(Required action) For the listing below, output exactly the lines from the line with "The first item" up to and including the line with "The smart pin", and no other lines.

(Records to process)
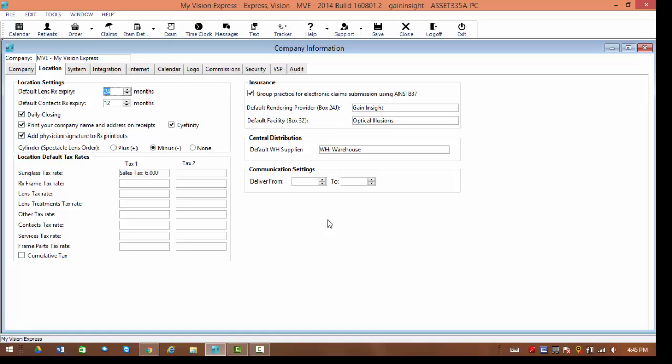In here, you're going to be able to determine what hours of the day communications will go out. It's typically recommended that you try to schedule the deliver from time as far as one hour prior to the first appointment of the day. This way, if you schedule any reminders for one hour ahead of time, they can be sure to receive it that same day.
* * *
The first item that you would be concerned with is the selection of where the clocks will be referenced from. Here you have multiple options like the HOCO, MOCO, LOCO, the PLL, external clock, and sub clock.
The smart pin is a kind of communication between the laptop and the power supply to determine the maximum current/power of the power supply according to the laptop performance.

(Exercise result)
The first item that you would be concerned with is the selection of where the clocks will be referenced from. Here you have multiple options like the HOCO, MOCO, LOCO, the PLL, external clock, and sub clock.
The smart pin is a kind of communication between the laptop and the power supply to determine the maximum current/power of the power supply according to the laptop performance.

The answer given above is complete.